In this book Empson combined close analysis of the components of certain English words with a discussion of the social circumstances under which those components came to be readjusted and given new emphases. “Fool,” for example, meant both a clown who might be rather clever, and a lunatic, who was definitely not; it also came to mean a privileged truth-speaker, an affected or mannered person, and occasionally something close to a saint—cf., Paul’s “fool in Christ” and Dostoevski’s “Idiot.” There are contexts in which “dog” can mean a scavenger, a degraded person, a cynic, a flatterer, or a jolly good fellow. On a more complex level, Empson analyzes the concept of “candor” and the complex of words clustering around “sense,” “sensible,” and “sensibility”; and his approach could readily invite us in 1985 to consider the word “intelligence” as used by William Casey, or “defense” as used by Caspar Weinberger.
By positing linguistic changes within the microcosm of the word itself—new emphases and applications, new meanings (perhaps boldly metaphorical at first but then gradually silted over)—Empson undertook to make of ambiguity a less corrosive mode of analysis. He reintroduced into linguistic analysis the crucial element of time. Very likely, had the book itself been less allusive and cryptic in its prose, and had the important thesis of controlled consensual change been stated at the beginning rather than in an appendix, it would have been better received. As it was, the analyses of individual words and modes of usage were (as often in the judgments made of Empson) better appreciated than the book’s larger argument.
Returning to permanent residence in England in 1953 seems to have caused considerable culture shock for Empson.

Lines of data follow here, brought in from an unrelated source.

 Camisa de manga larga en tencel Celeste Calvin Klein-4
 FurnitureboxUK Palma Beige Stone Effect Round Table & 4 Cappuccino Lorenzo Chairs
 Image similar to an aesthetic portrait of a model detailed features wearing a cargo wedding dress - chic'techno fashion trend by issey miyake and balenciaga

This was not a matter of material deprivation, for he settled readily into teaching at Sheffield University. (Whether he didn’t want or couldn’t get an appointment at one of the more prestigious universities I don’t know. Teaching at Sheffield left him within easy reach of the extensive family holdings at Yokefleet in Yorkshire, where he was born.) Spiritually, however, return to postwar Britain was a more troubling matter. For twenty years and more, Empson had been largely out of touch with the academic establishment. Meeting a new generation of English literature students made him aware of the extent to which their minds had been pressured into accepting a Christian tradition, diluted and largely de-theologized but so firmly established as a literary code, among right-thinking people, that criticism of it could only appear jejune and naive.

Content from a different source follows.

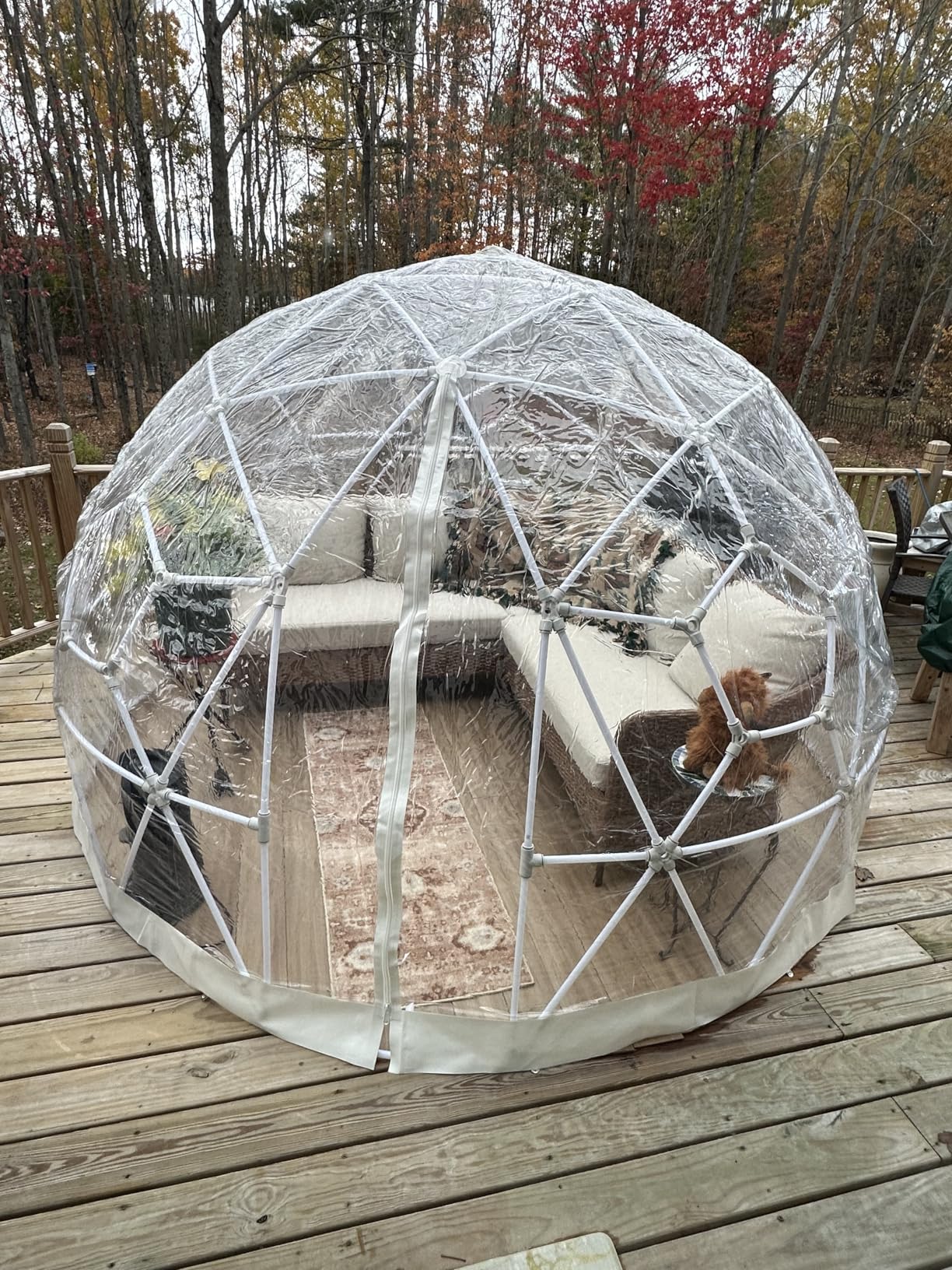 VEVOR Garden Dome Tent, 12 x 7.2 ft Clear Bubble Tent House - Waterproof PVC Geodesic Dome for Outdoor Stargazing customer photo 2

This sort of assurance, which didn’t always keep itself from degenerating into cant, was as a red flag to Empson. He chose to meet the enemy (their captains were E.M.W. Tillyard, T.S. Eliot, C.S. Lewis, and Northrop Frye, but there were many more in what Milton would have called “the promiscuous crowd”) on the field of Miltonic scholarship and interpretation. Milton’s God (1961) argued that Milton had not written a flawed poem in behalf of a noble creed, but rather the best possible poem in behalf of a creed flawed at its very heart by the hateful and barbaric doctrine of the Vicarious Atonement, which Empson saw as a revival of the idea of human sacrifice. Whether there are not ways to make this challenge less blunt, so as to avoid the “village atheist” overtones, is open to discussion. Seeing God as essentially despotic in Paradise Lost, he presented Satan as a hero of conscience, refusing to kowtow to mere brute force.

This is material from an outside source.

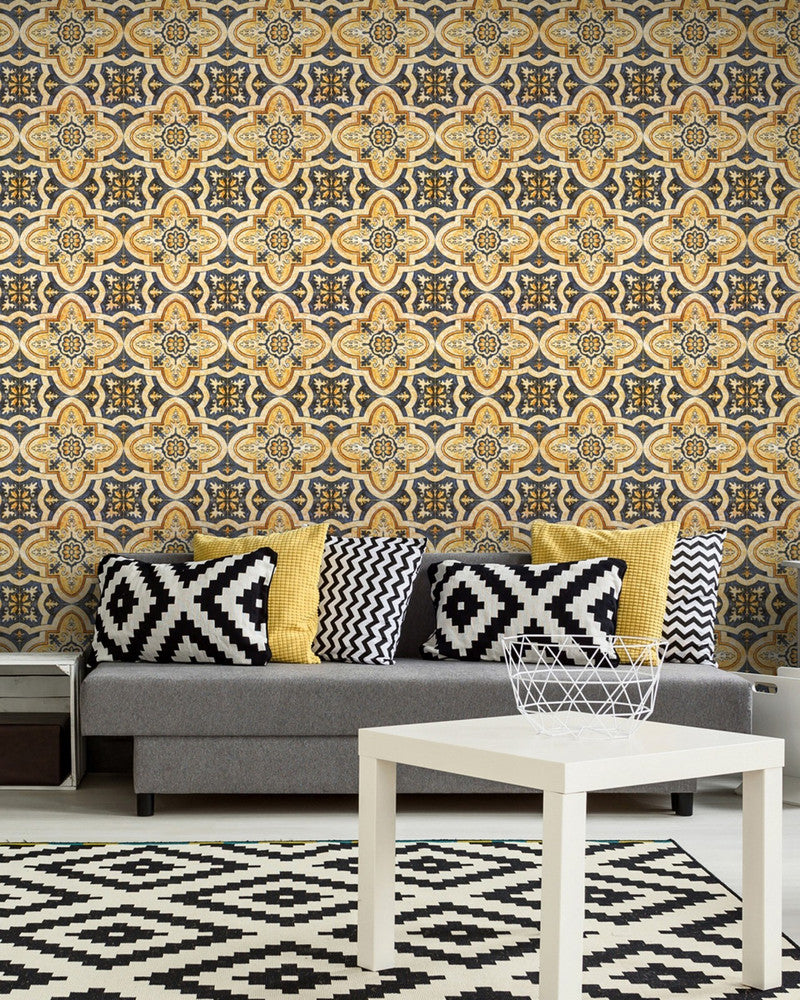 MAGHREB TILE Premium Wallpaper (WP20059) by Mind The Gap | WP20059 | WALLPAPER DESIGNER COLLECTION | 3 rolls x 20.5 x 118.1 in | 0.52m / 20.5in | 3m / 118in | 4.65mp | 52cm / 20.5in | Blue, Orange, Yellow | Non-woven | Paste the wall | 3-rolls in a box | Fabric Carolina | https://www.fabriccarolina.com/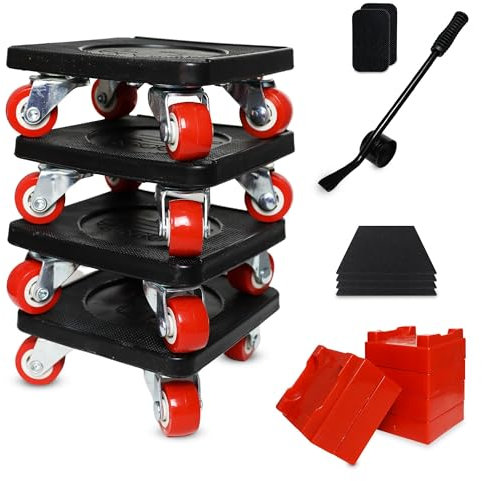 IMORETEC Kit Elevador de Muebles con Ruedas Rotación 360°- Ruedas para Muebles Pesados con Capacidad de Carga de 300 kg – Ruedas Deslizantes para Mover Muebles Pesados Cuidando el Suelo y los Muebles.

There is a fundamental truth to this view that Milton himself explicitly recognized as early as line 26 of his epic, when he said that the ways of God had to be “justified” to man. No doubt Milton had many troubles in manipulating a divinely inspired and therefore unchangeable biblical story so as to bring it in line with “modern” (i.e., seventeenth- but also twentieth-century) sympathies. Some of the ways in which he did this—the balancing of justice and mercy in the early books, the contrasting behavior of Satan and the human couple under stress of a bad conscience, the muted yet threatening presence of Chaos—would, I think, modify the sharp contrast between God and Satan that Empson accepts. It might also have enabled him to avoid the appearance of countering one parochialism with another. But in Milton’s God he struck from the shoulder, and there are signs that he succeeded in ruffling some complacencies that badly needed disturbing. In any event, the furor over Milton’s God was Empson’s last large raid on the academic chicken coop; in 1971 he retired from Sheffield and moved to London. In 1979 he was knighted, and in April 1984 he died, leaving in press his final book, Using Biography.
On the whole, the reception of Empson’s work throughout the postwar years was not good. Almost everyone recognized the ebullient energy of occasional insights, but the different versions of pastoral never caught on as a working critical category any better than the several types of ambiguity. Clouds of gathering deconstructionism darkened the idea of gathering consensual linguistic enrichment through ambiguity in Complex Words; and in Milton’s God, Empson chose to plead his case against Christianity before the packed jury of an entrenched Miltonic establishment.
In every instance one could trace an element of that original bias for “erecting the ignoring of ‘tact’ into a point of honor”; and, to do them justice, few of the critics failed to recognize the humane and honorable principles behind Empson’s campaigns. His early insurrection against literary “tact” was the work of an energetic, self-assertive reader feeling stifled by urbane convention; his antipathy to bringing historical traditions to bear on the reading of seventeenth-century poetry came from a fear of “explaining away” the poetry itself; his battle against Christianity in Milton was an emphatic affirmation of conscience. (A few of his critics went so far as to imply that his procedure was chivalric, though they commonly adorned their “tributes” with references to Don Quixote or the White Knight.)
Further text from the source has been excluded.